Age of Adz

The critically acclaimed Detroit-born artist Sufjan Stevens has long been a cult favourite and he has remained unwavering in his ability to produce high quality music. With his new album, The _Age of Adz_ Sufjan Stevens only consolidates this position in my mind, as with _Adz_ Stevens has immaculately pulled off another album of immense scope.

Taking elements of the banjo-laden, acoustic tracks of _Michigan_ and the orchestral grandeur of _Illinoise_ on _Adz_ Stevens mixes these elements with a myriad of electronic beats and synths – creating probably his most experimental album to date. _Age of Adz_ is very different to Stevens’ previous work so even though you can still pick out the rich orchestration of trumpets, violins, guitars, piano and the other instruments that have come to typify his music, but on _Adz_ they are often carefully layered or hidden behind an electronic haze.

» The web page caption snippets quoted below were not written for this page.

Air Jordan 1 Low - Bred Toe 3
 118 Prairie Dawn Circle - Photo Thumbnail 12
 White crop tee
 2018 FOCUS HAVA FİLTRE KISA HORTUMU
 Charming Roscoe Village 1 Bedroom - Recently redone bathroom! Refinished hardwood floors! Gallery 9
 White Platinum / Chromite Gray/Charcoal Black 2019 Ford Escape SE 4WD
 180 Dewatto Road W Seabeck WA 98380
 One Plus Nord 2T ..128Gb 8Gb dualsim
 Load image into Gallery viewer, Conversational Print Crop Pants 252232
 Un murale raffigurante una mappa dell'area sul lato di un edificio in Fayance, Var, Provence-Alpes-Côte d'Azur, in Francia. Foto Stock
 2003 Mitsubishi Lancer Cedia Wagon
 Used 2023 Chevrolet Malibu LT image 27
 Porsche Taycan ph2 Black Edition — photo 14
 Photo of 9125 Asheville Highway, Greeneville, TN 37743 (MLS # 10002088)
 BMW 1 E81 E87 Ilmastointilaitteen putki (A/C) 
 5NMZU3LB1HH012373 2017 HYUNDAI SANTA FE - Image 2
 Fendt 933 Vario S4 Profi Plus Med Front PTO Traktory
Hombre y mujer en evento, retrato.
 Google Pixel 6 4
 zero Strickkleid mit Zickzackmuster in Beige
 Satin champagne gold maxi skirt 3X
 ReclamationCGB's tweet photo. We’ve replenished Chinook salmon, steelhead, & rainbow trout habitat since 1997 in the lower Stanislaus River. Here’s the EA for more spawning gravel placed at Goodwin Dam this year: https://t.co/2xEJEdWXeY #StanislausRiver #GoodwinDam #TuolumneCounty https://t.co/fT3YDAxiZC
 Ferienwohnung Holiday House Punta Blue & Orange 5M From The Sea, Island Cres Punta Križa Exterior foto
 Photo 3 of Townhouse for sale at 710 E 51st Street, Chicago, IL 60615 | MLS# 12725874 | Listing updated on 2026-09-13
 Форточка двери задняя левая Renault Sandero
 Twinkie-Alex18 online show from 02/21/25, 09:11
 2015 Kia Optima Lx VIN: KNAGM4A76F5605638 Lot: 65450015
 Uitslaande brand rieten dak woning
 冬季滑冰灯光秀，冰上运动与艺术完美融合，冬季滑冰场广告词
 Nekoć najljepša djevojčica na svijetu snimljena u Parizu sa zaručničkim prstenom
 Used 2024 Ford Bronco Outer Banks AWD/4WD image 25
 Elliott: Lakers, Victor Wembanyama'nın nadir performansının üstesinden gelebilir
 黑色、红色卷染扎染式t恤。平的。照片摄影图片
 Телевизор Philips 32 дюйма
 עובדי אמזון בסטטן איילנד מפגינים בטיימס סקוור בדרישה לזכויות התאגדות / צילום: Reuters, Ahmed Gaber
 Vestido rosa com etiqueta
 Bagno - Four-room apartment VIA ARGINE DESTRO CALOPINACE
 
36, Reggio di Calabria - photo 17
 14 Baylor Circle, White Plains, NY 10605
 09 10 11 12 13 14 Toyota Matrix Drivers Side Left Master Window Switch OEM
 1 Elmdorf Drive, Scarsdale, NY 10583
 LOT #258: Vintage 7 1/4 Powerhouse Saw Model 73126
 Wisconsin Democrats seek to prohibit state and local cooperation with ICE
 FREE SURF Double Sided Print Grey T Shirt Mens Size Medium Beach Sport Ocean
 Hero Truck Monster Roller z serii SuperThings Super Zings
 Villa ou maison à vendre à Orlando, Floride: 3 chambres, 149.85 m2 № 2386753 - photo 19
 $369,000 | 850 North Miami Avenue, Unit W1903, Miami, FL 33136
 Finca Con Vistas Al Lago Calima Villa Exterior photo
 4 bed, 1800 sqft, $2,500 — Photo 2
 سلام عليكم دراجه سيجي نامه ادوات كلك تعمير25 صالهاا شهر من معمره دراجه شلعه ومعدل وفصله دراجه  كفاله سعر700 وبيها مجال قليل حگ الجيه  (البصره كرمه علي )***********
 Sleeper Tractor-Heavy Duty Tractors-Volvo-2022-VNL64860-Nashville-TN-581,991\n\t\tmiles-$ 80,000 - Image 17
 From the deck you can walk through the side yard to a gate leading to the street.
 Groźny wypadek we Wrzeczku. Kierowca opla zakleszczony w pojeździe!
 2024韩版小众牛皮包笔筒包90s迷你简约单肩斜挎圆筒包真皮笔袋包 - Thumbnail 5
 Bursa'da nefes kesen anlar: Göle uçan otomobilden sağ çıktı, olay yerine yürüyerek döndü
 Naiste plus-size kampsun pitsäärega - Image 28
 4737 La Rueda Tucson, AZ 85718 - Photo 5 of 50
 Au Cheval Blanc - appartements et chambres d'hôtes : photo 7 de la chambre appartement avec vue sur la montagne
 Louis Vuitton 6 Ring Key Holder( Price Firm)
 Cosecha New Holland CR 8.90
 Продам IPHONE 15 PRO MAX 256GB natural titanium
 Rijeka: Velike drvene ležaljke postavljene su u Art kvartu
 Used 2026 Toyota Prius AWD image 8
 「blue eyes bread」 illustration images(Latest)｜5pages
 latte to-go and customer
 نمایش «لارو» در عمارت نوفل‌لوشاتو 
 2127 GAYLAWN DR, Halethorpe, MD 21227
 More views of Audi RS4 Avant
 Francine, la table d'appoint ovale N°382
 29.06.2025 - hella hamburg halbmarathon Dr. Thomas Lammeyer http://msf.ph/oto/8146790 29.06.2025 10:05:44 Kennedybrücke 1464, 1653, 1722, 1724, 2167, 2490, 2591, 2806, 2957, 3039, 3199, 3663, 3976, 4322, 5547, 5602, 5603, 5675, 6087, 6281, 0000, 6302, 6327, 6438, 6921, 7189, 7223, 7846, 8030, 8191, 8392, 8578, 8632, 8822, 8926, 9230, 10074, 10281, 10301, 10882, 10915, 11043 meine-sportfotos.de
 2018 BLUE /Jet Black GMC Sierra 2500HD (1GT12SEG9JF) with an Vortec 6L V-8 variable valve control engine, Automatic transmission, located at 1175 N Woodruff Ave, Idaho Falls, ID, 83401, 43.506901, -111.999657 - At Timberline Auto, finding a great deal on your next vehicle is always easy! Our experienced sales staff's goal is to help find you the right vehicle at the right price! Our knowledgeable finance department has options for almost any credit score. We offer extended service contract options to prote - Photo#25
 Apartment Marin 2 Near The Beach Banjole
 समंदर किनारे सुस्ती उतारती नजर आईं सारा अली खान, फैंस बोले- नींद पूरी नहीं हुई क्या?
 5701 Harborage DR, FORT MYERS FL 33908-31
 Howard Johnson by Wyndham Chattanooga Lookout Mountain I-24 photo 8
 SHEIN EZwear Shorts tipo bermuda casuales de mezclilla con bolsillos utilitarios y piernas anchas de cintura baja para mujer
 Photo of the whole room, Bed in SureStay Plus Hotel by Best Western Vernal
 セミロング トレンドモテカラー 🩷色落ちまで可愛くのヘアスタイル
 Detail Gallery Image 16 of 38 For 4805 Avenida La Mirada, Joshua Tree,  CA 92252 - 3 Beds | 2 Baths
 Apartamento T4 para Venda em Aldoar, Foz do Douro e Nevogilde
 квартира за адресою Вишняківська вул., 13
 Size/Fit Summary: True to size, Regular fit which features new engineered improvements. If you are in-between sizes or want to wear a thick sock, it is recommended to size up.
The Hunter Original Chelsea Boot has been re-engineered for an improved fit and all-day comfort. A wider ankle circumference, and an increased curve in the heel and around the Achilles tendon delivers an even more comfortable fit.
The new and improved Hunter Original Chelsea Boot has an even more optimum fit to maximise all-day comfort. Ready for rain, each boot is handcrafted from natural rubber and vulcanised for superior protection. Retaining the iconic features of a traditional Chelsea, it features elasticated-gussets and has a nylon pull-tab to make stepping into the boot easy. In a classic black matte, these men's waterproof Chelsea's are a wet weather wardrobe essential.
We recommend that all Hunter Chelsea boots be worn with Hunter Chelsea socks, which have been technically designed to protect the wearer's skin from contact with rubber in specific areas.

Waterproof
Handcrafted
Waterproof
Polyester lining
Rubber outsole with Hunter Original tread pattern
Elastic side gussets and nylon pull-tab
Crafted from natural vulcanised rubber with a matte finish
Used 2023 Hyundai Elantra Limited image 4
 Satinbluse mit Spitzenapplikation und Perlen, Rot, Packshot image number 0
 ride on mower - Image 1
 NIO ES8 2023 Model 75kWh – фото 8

This dramatic change could shock some die-hard fans, but if you invest your time generously into listening then you will see the true beauty of the songs and arrangements.

Lyrically, Sufjan has taken a different approach to his previous albums – before, the emotion in the songs would be rooted in geographical or historical context, whereas in _Adz_ we tend to see the raw feeling untempered by context. This is neither enhancing nor depreciating to his music – it is just, perhaps, a hint as to how he is evolving and experimenting, how he is not willing to stay static for to long.

The first single ‘I Walked’ is an electronic, emotional lament with Sufjan’s gentle voice rising and falling over the beat. It’s catchy yet meaningful, each layer combining to drive the song gently forwards. However, this is just a taste of things to come, there are some album tracks which far surpass it. The title-track is a writhing, dramatic number where you see all of the usual orchestral components combining with heavy beats, cascading synths and a catchy chorus-sung hook. ‘I Want To Be Well’ maintains a swift tempo yet slowly builds into an emotional crescendo – the chorus repeating the title and Sufjan, as far as I know, swearing for the first time on a track : ‘I’m not f***ing around’. There is something so earnest about this that it seems to exude emotional charge. ‘Impossible Soul’, is a twenty-five-minute tour de force at the end of the album, which in many ways sums up the collection of songs on _Adz_ as a whole.

It may seem like a large investment at first, but you will find yourself more and more willing to return – each listen granting new revelations making any investment more than worth the effort.